Sólo unos días antes, el 8 de marzo, se cumplía un año de la desaparición del muy injustamente maltratado Gerard Mortier. Sirvan estas líneas como reconocimiento y admiración por un hombre que, desde unos planteamientos musicales y estéticos muy personales, con sus fallos y sus aciertos, trabajó incansablemente, desde la más inflexible honestidad, por contagiar su pasión por la ópera a los jóvenes. 

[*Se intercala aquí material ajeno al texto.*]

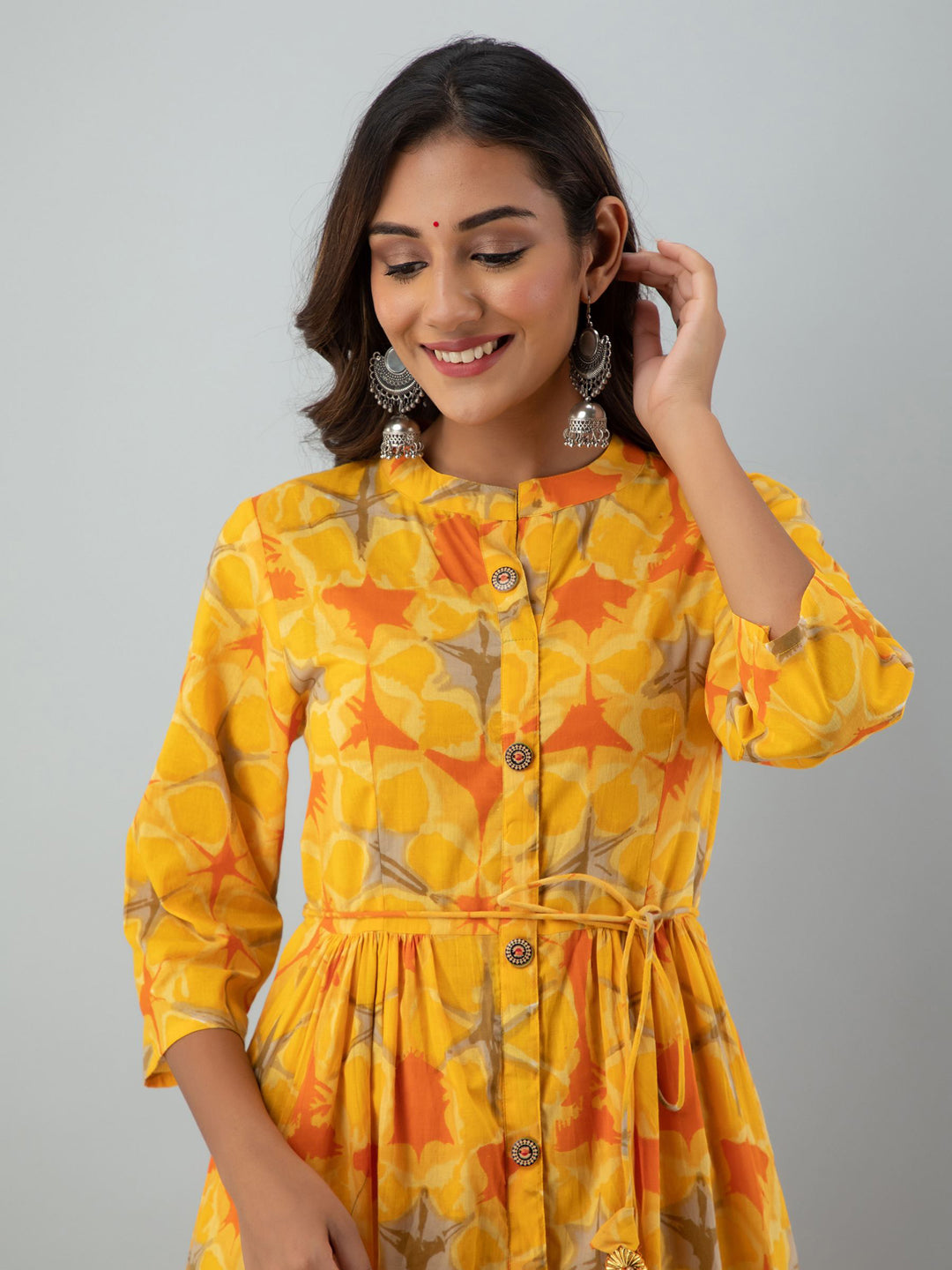 Kalini Women Yellow & Orange Ethnic Motifs Printed Anarkali Kurta - Distacart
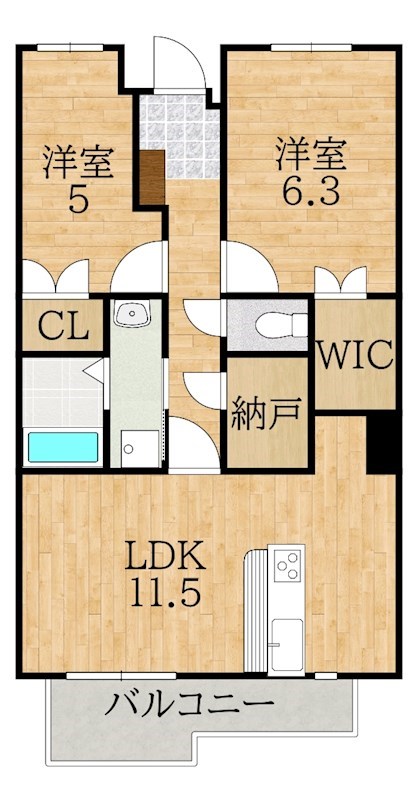 木津南パークサイドヴィレッヂ 308号室 間取り
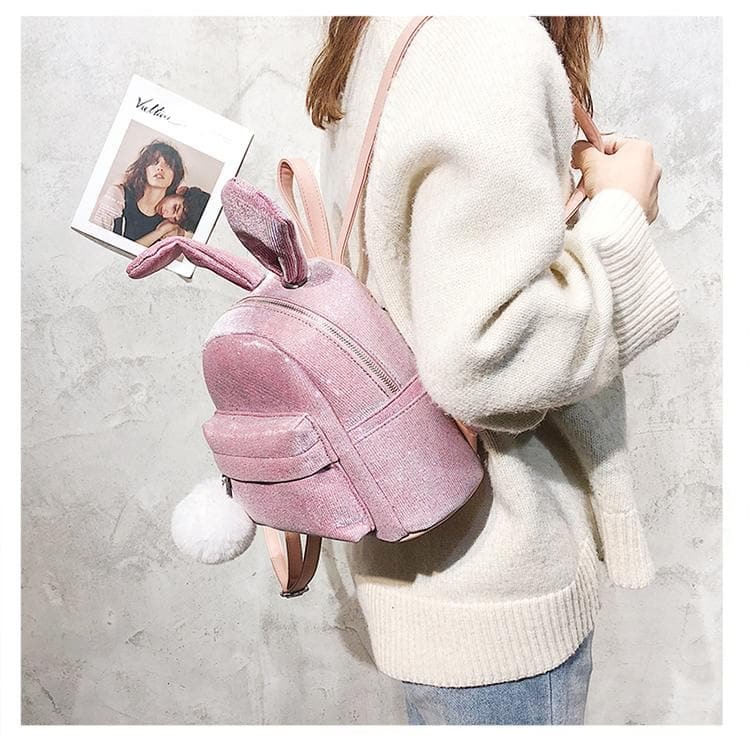 5 Colors Kawaii Paillette Bunny Ears Backpack SP14055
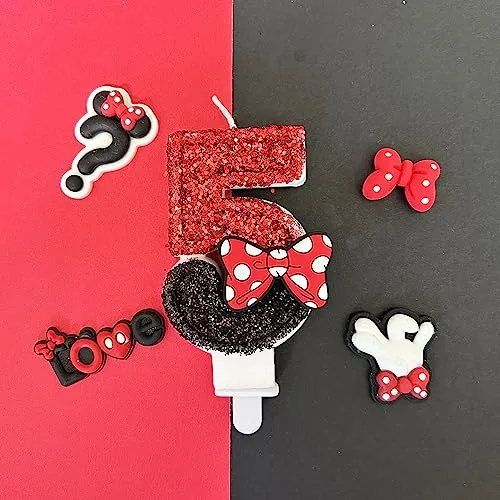 Number 5 Birthday Candle,Red Black Sequin Number Candles with Red Bow 5nd Glitter Cake Candles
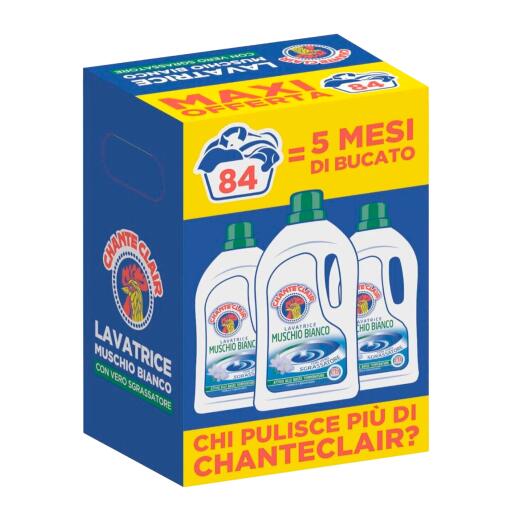 Liquido Lavatrice Chanteclair Tripacco Muschio Bianco 1260ml x3 84 lavaggi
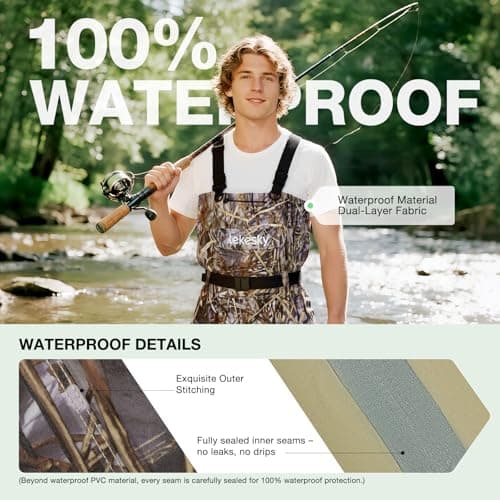 Lekesky Fishing Waders with Boot for Men Women - 2-Ply Nylon/PVC Waterproof Chest Waders for Fly Fishing,Duck Hunting
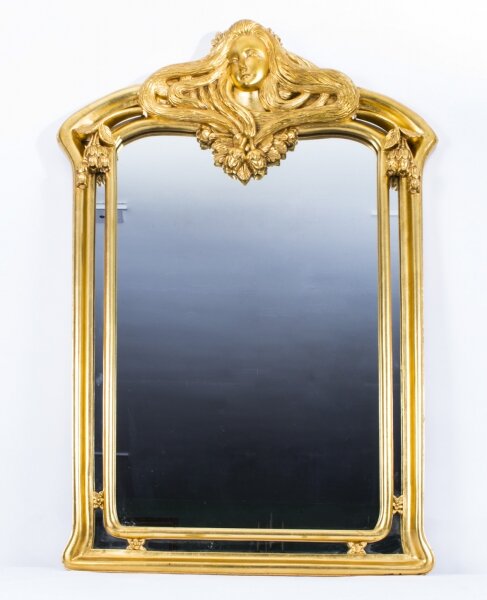 Beautiful French Art Nouveau Carved Giltwood Mirror 103 x 71 cm | Ref. no. 07547 | Regent Antiques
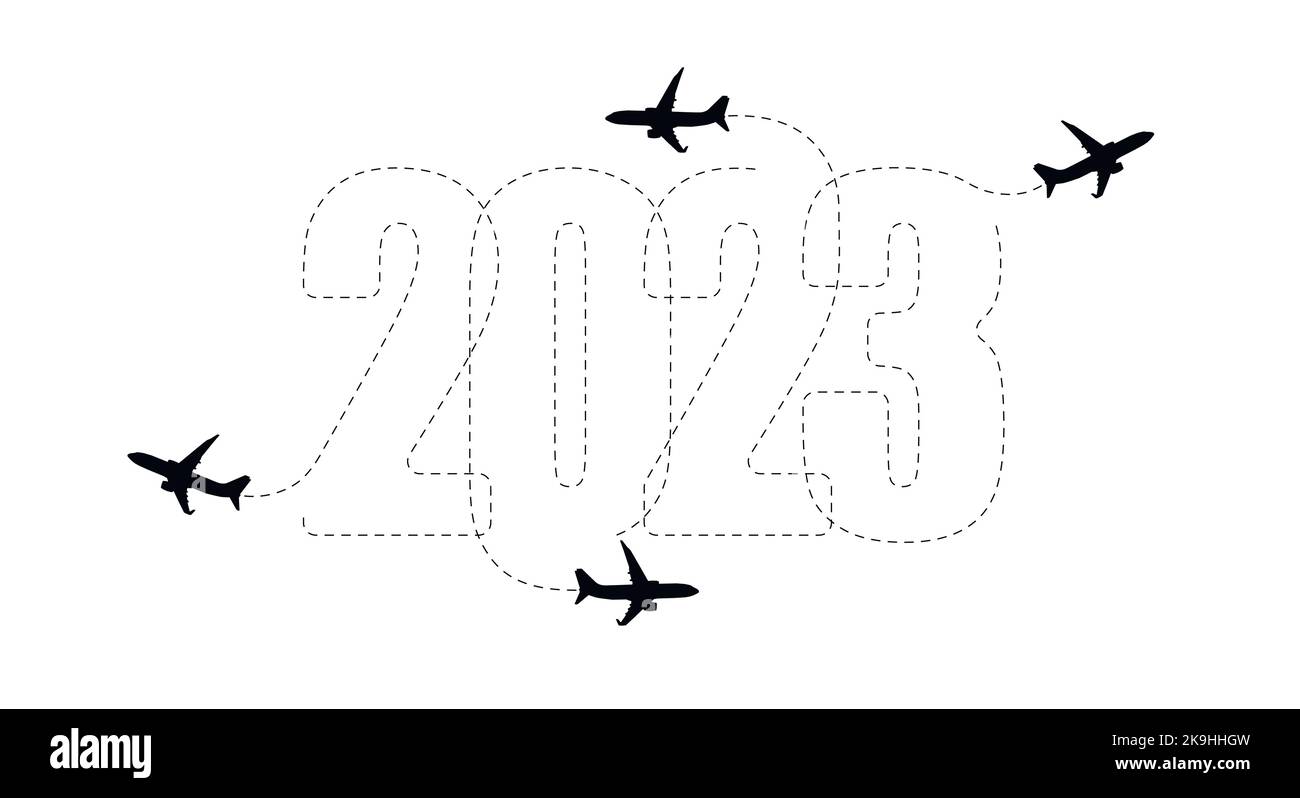 Frohe Weihnachten und Neujahrskonzept. Die Strecke des Flugzeugs im Jahr 2023. Stock Vektor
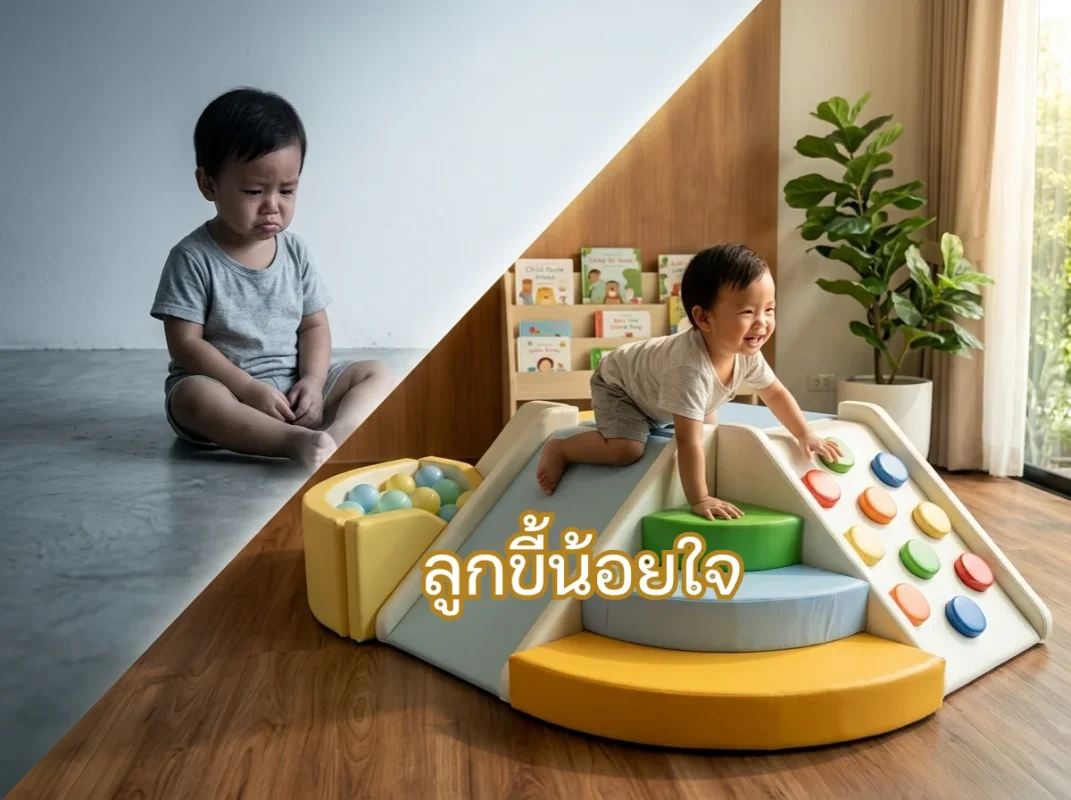 เด็กเล่นชุดปีนป่าย Soft Play โทนลูกกวาดอย่างอารมณ์ดี ช่วยแก้ปัญหาลูกขี้น้อยใจ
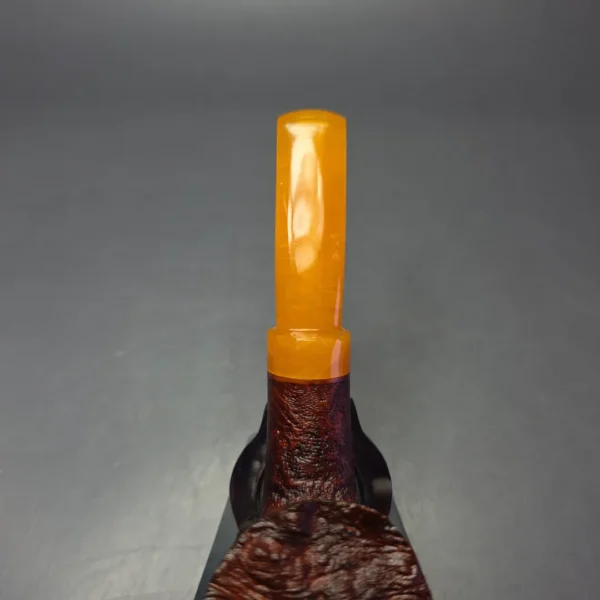 Nate Rose Sandblasted Dublin w/ Italian Lucite Handmade Briar Pipe, New - Image 8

sábado, 14 de febrero de 2015

Escoger el tono (Notas al programa)

    En el preciso instante en que uno acomete la empresa incierta de divagar en público docenas de dudas, en cascada dodecafónica, lo interceptan, lo increpan y, lo que es peor, se amanceban con los más veteranos de sus temores sin el mínimo pudor. Del parto que se anuncia más terrible que el de los montes sólo pueden nacer monstruos, como es natural. El sueño de la divagación también produce monstruos, sí. Escoger el tono podría resultar una cuestión baladí, pero del tono dependerán en buena medida los derroteros que siga el discurso, las oportunidades de modular e incluso la estructura que más convenga. Por eso la elección del tono no es un monstruo menor. Cuando empecé a acariciar la idea de iniciarme en la escritura de un blog como se acariciarían las teclas de un piano o el hocico de un caimán, con respeto no tardé en tener claro que se hacía necesario un rotundo Mí mayor. ¿Qué otra posibilidad cabía? Si para Mozart la muerte segaba en re menor y para Vivaldi la sangre sólo podía helarse en fa menor era lógico que yo escribiera pensando en Mí, pero mucho más apropiado era recurrir al relativo, el más modesto yo menor –descarté el homónimo, mí menor, porque tampoco era cuestión de menospreciarse. Por otro lado, evitando el Mí evitaba la pretensión de estar siempre en lo cierto: la más que probable tendencia a buscar el si. Escribiendo en yo que salga el sol por Antequera.
    M
e queda, pues, averiguar si terminará el intento en una mera Folía, en verborrea (ma)Chacona o en un terco ostinato. O quizá chi lo sa?– en esas divagaciones tan elaboradas, tan pródigas en circunloquios, donde no se reconoce el tema; que dicen los que saben que como divagaciones son las mejores.